In its latest financial stability review, the RBA noted that a sharp downturn in the Australian dollar, coupled with large member withdrawals or fund transfers, could force superannuation funds to liquidate assets, intensifying financial market stress.

The central bank described this scenario as “extreme but plausible”, reflecting the growing complexity and risk exposure of the superannuation sector, which now manages assets worth $4.2 trillion.

While superannuation funds have historically supported financial stability by investing countercyclically and avoiding leverage, the RBA cautioned that financial system stress could be amplified if the superannuation sector faced severe liquidity stress.

“APRA-regulated funds rely on member inflows and large buffers of liquid assets to manage potential cash outflows. If several risks materialised simultaneously, these funds might be forced to secure liquidity in ways that could amplify financial market stress,” the RBA said.

The RBA also stressed that the superannuation sector’s escalating exposure to foreign assets, which now make up approximately 48 per cent of APRA-regulated funds’ holdings, significantly heightens the sector’s vulnerability to foreign exchange risks and reliance on currency hedges.

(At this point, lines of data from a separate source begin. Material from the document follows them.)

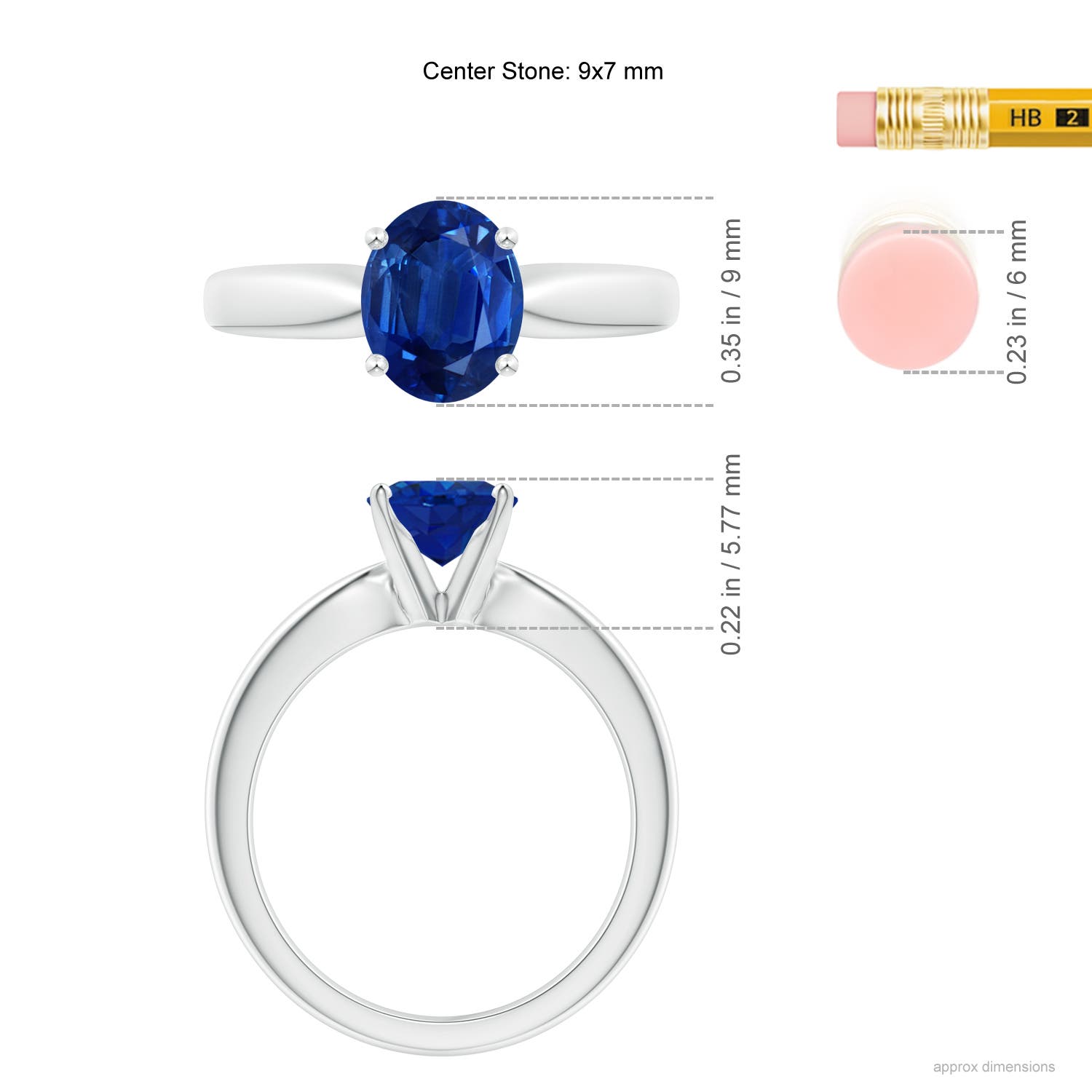 AAA - Blue Sapphire / 2 CT / 14 KT White Gold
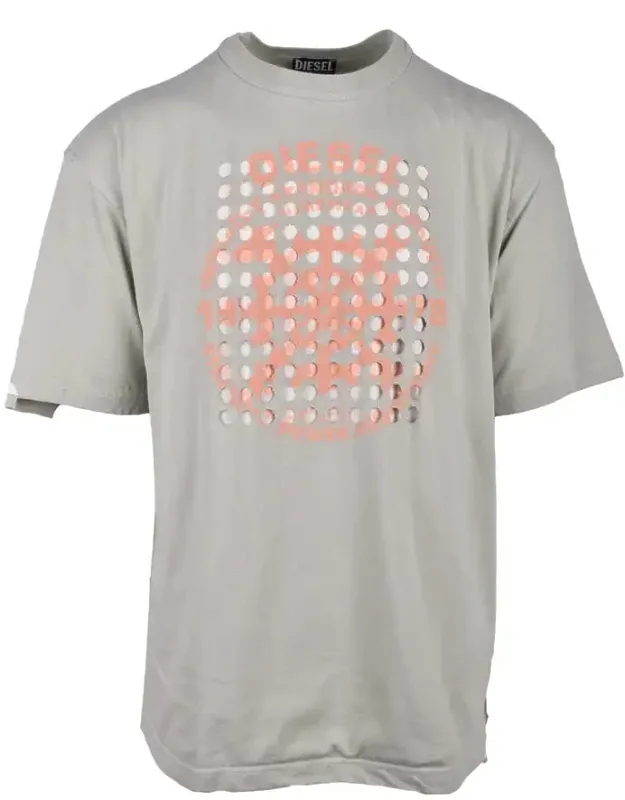 Cotton T-shirt With Front Graphic In Light And Coral Tones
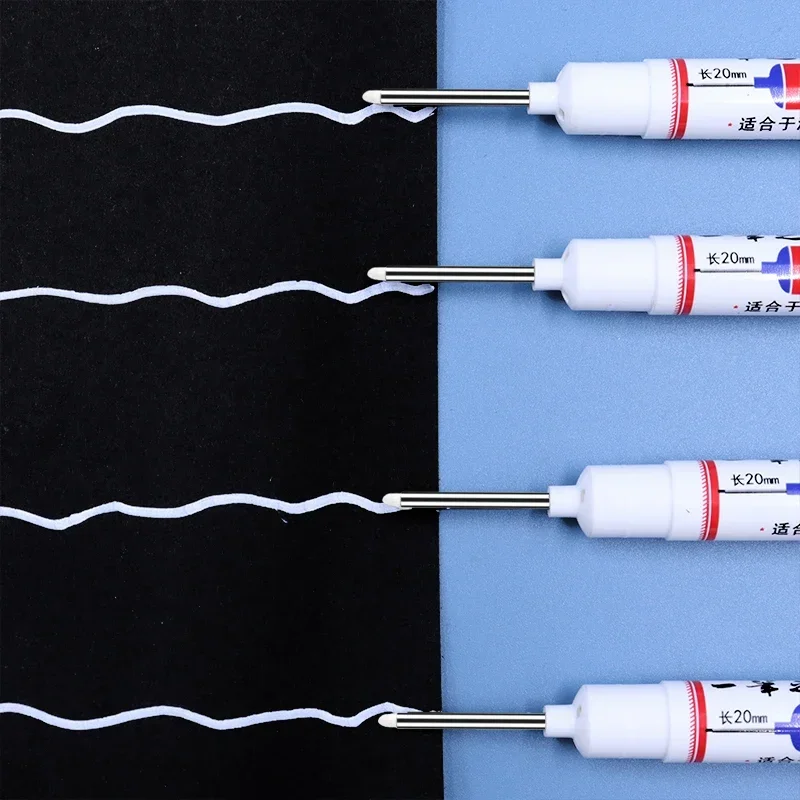 4-6Pcs 20mm Long Head Marker Fine Tip Non-Toxic Alcohol Based Quick Dry Long Nib Deep Hole Marking Pens for Metal Wood Drawing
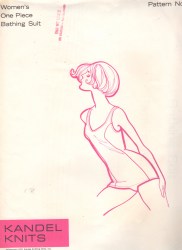 7 MS ONE PC BATHING SUIT STRETCH KANDEL KNITS PATTERN 8-18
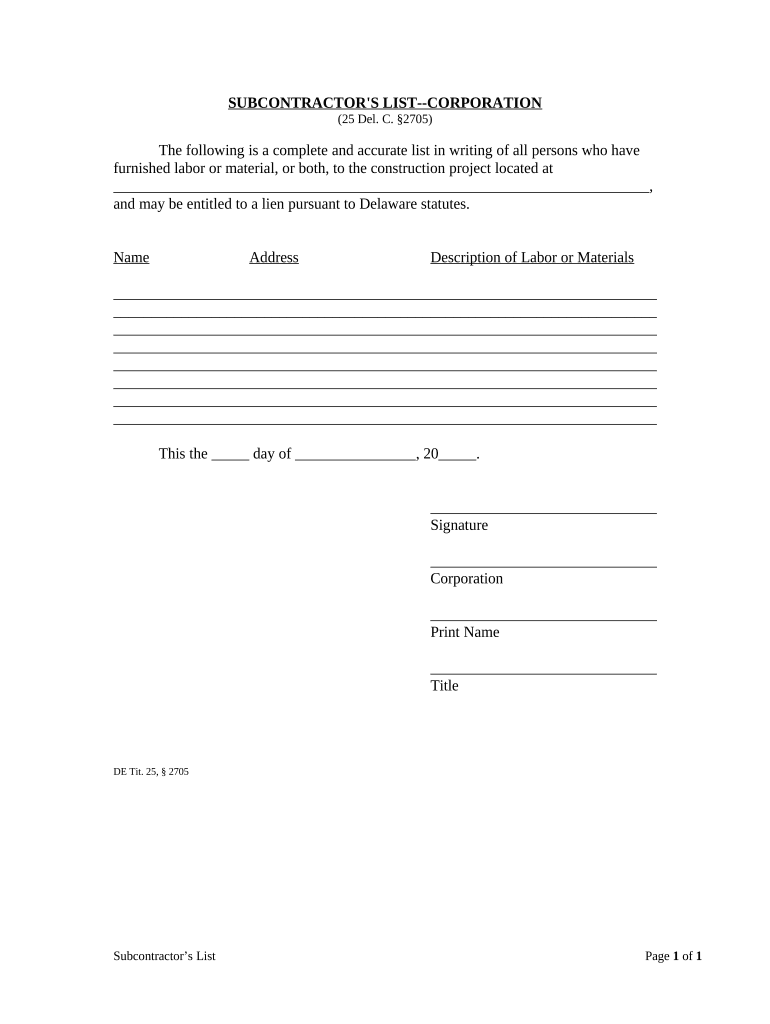 Subcontractor's List Corporation Delaware  Form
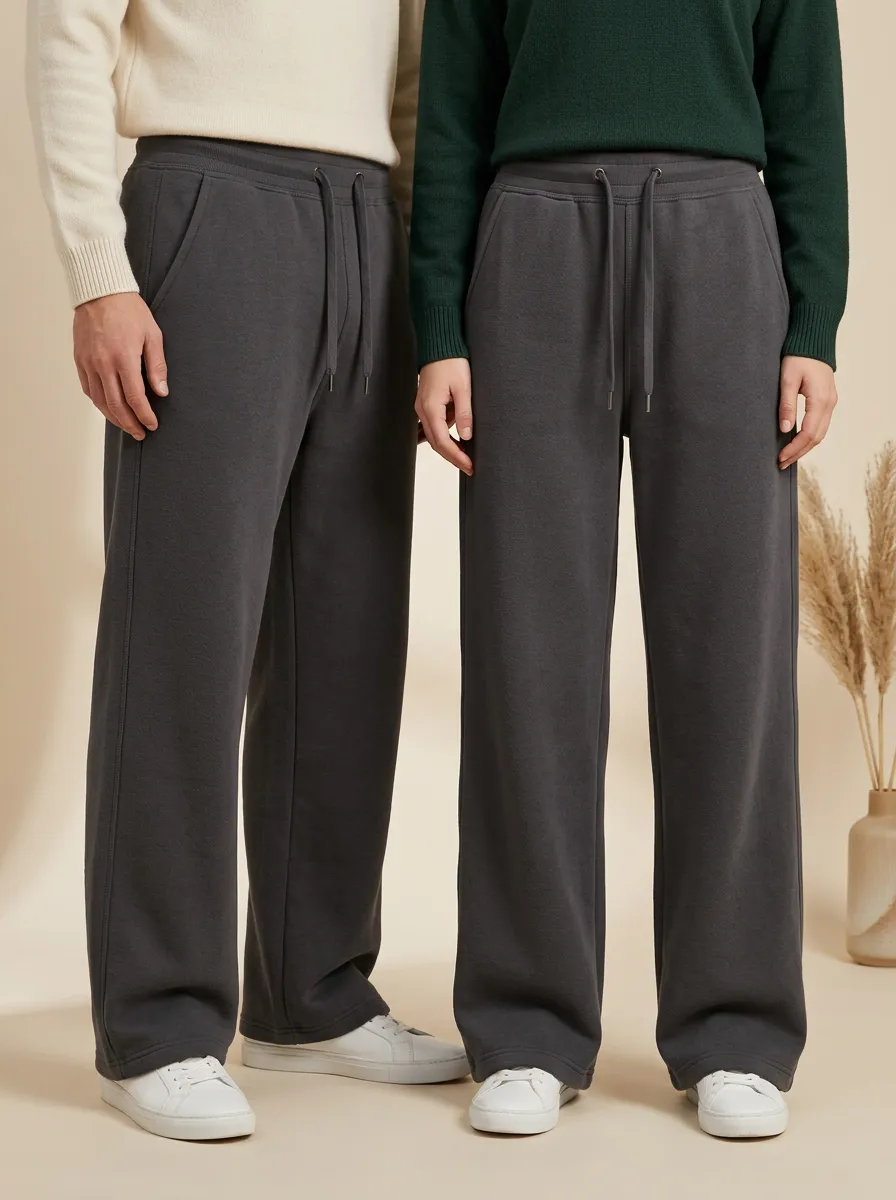 Unisex Drawstring Classic Wide-Leg Track Pants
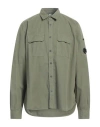 C.p. Company Green Jacket With Classic Collar And Logo Patch On The Sleeve In Green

“A large, sustained decline in the Australian dollar could drain liquidity through margin calls and renewal of foreign exchange hedges. Similarly, increased member transfers between funds could cause the sector to sell assets to increase cash holdings as a buffer against future transfers,” the central bank said.

It also warned that “if system-wide early withdrawals and additional withdrawals from members in retirement were to occur abruptly and unexpectedly”, this could also create liquidity pressures for some funds.

In contrast, the Association of Superannuation Funds of Australia (ASFA) released new research just days before the RBA’s report, challenging the view that superannuation funds pose a risk to financial stability.

Instead, ASFA argued that super funds strengthened Australia’s economy by boosting national savings, reducing reliance on foreign capital, and acting as a stabilising force during downturns.

The association pointed out that during periods of heightened volatility, super funds tend to deploy new financial capital in a countercyclical manner.

“The steady stream of contributions – particularly into the compulsory super system – provides a fairly predictable source of new demand for domestic securities. Net of stable outflows for the payment of retirement incomes, these annual flows amount to around $50 billion,” ASFA said.

“In addition, super funds – as investors with relatively long-time horizons – can afford to absorb short-term asset-price fluctuations and are reluctant to realise losses.”

The research also highlighted super funds’ role in past financial crises, including the Global Financial Crisis, when they provided critical liquidity as other capital sources dried up.

For its part, the RBA argued managing liquidity risk is expected to become more challenging, particularly with the anticipated growth of the super sector outpacing the domestic economy.

With the shift in the demographic profile of members towards retirement, RBA said the net inflow of funds is expected to decline. Additionally, it said, as the sector expands relative to domestic markets, there is likely to be an increased reliance on foreign exchange hedges and investments in unlisted assets, which are harder to liquidate in times of stress.

The central bank pointed to a review carried out by the Australian Prudential Regulation Authority (APRA) in December, which found that several trustees required material improvements in both their valuation governance and liquidity risk frameworks.

The upcoming financial system risk stress test, scheduled for later this year, is expected to provide further insights into how the superannuation sector interacts with other financial sectors, especially during times of financial strain.